Kilburn to Osmotherley

'Paradise'

A day of contrasts. Immense views, soft sheep pasture, shady forest tracks, unforgiving, sun-baked moorland, a punishing final climb and cool village alleyways.

I am given a welcome lift up the steep hill to the car park below the White Horse who keeps watch over the pretty village of Kilburn to start my journey to Osmotherley.

I haul myself up the steep flights of steps to the eye of the horse and start to retrace my route from yesterday back towards Sutton Bank. The first part of my hike today follows the high scarp on the western edge of the North Yorkshire Moors: Low Town Brow, Ivy Scar, Roulston Scar, Knowlson’s Drop, Sutton Bank; the Yorkshire Gliding Club soaring silently above me for most of the morning.

The open ground turns to wooded slopes and plantation.

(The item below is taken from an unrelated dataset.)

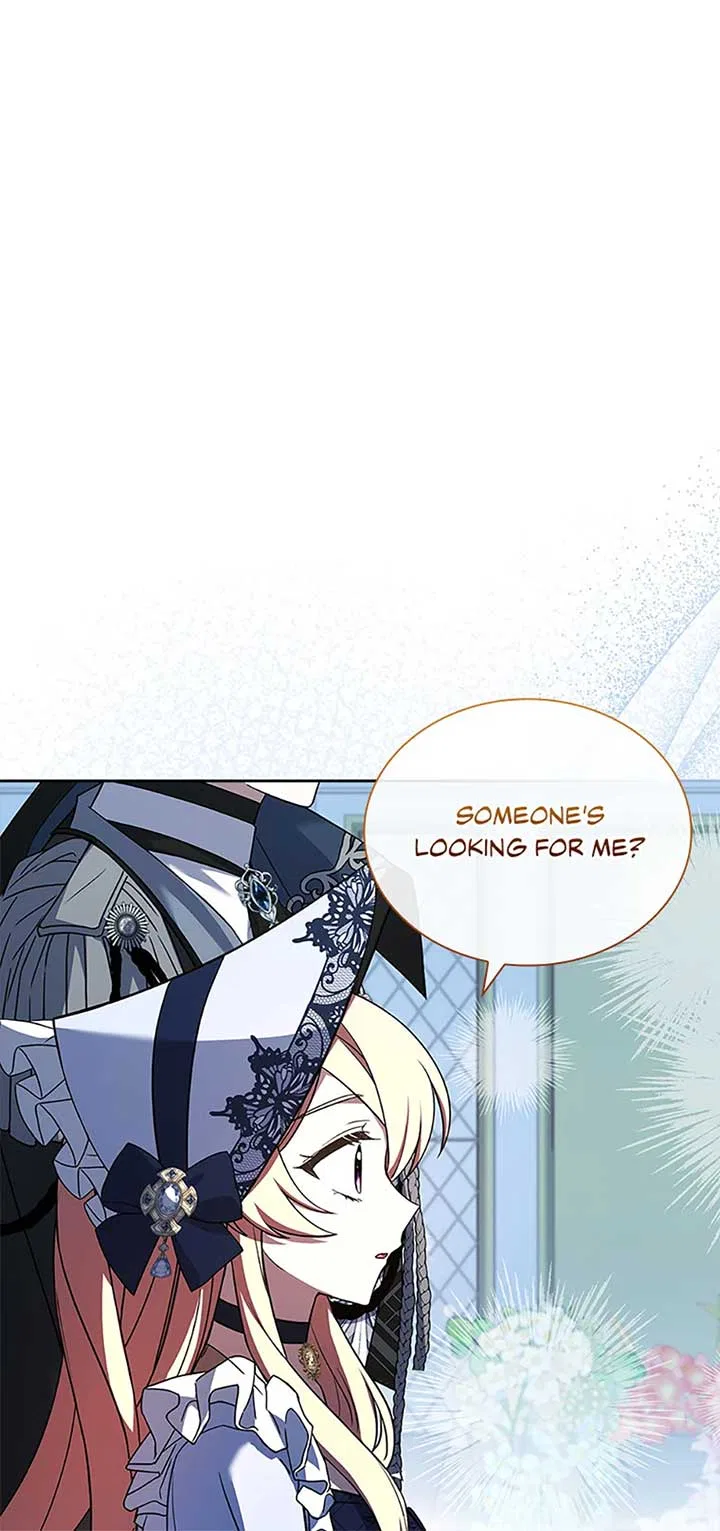 Happy Sea World Chapter 73 – Page 2
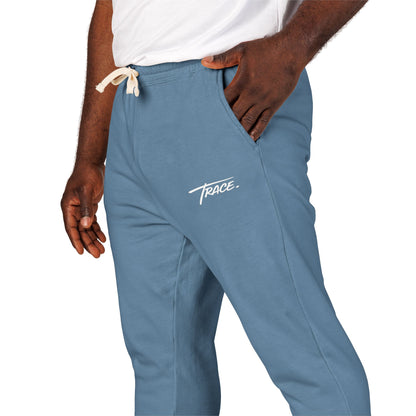 TRACE. Signature Joggers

Great Relief Pot, Fairies Parlour, Garbutt Wood, White Mare Crag, Hambleton Down, Hambleton Mosses, Hill Fort Windypit, Boltby Scar, Sneck Yate.

'Paradise'
‘Paradise’

Then out onto one of the most beautiful scenes. Gentle, rolling sheep pasture, soft underfoot, heading to High Barn with its knoll of great trees, bright with new leaves: Upper and Lower Paradise. Paradise today but probably hard going in harsher weather.

Briefly into Boltby Woods: bluebells and wild garlic. Then, at Steeple Cross, suddenly out onto open moorland. Heather stretching away to my right, not yet in bloom and the ancient drove road before me, rutted, stony, sun-baked dry, almost white in the bright light and hard, hard walking. Shadeless, the track for ever snaking away into the distance, its end never seeming any closer for mile upon mile upon mile.

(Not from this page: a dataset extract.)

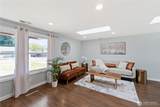 23108 50th Avenue - Photo 6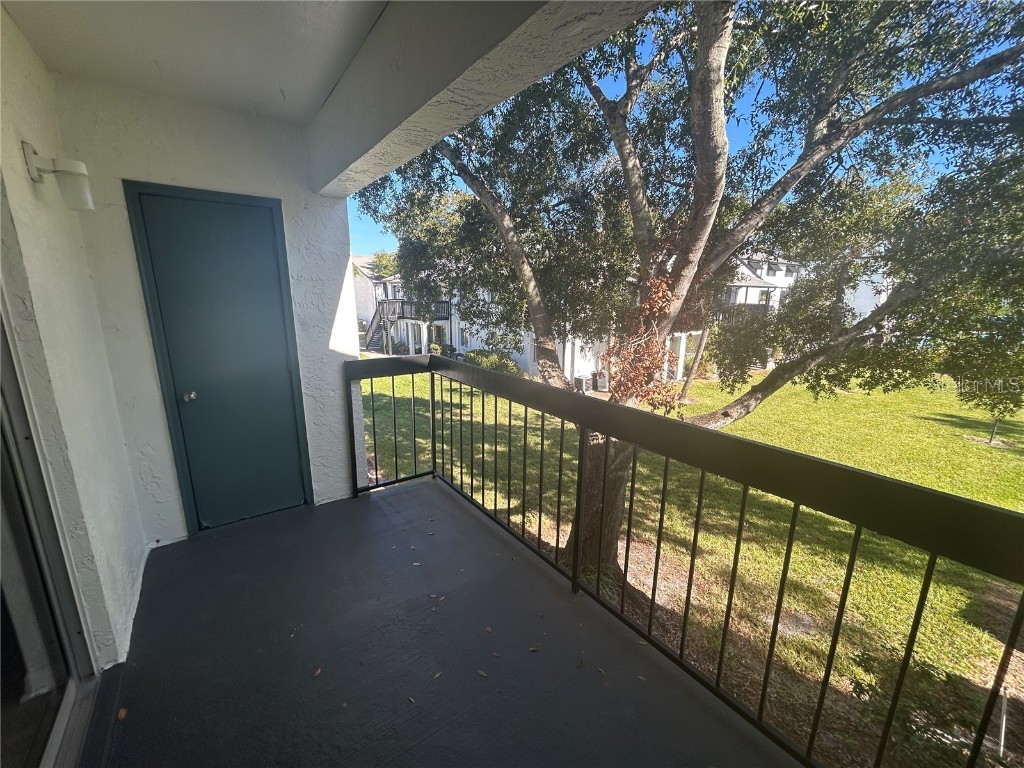 4203 S Semoran Boulevard #6 Orlando FL 32822 O6297813 image7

Lunch crouched in a spot of shade in the lee of the drystone wall at White Gill Head: oatcakes, cheese, apples, nuts and a lighter backpack. I am not the first to have taken refreshment near here: there are signs of recent camping and down the track is the site of an inn, Limekiln House now just a few humps on the ground and a little cross marking the spot.

A left turn onto Hambleton Street under Black Hambleton Moor with its grouse butts and ancient tumuli nestling low in the heather.

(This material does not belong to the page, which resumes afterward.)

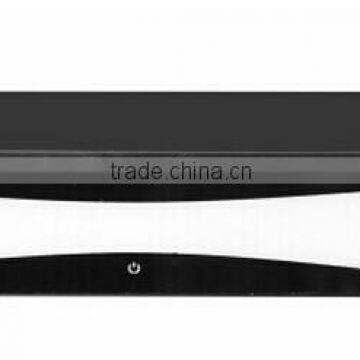 8 Channel 720p AHD DVR /NVR/DVR photo-2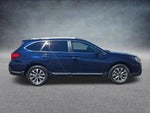 2018 Subaru Outback 3.6R Touring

To Hambleton End and Square Corner, heather moorland changing to high pasture and, at last, steeply down off the moor and into Oak Dale over stone-slabbed steps. Osmotherley in sight and the chimes of its church bell floating on the air. The path twists and turns along Oakdale Beck, and then, past the rolling meadows of Whitehouse Farm, the route makes its final demand: steep, knee-aching steps up Middlestye Bank before finally leading through the twisting cobbled alleyways of Osmotherley and a beautiful, delicious ice-cream from the village shop.

Osmotherley
Osmotherley

I feast on fish & chips on the village green and stay at 32 South End in a very comfortable self-contained little apartment with thoughtfully provided supplies for walkers. A great view from the french windows, a friendly chicken on the sunny patio and breakfast in the conservatory with delicious honey from the resident bee-keeper that tastes of real flowers.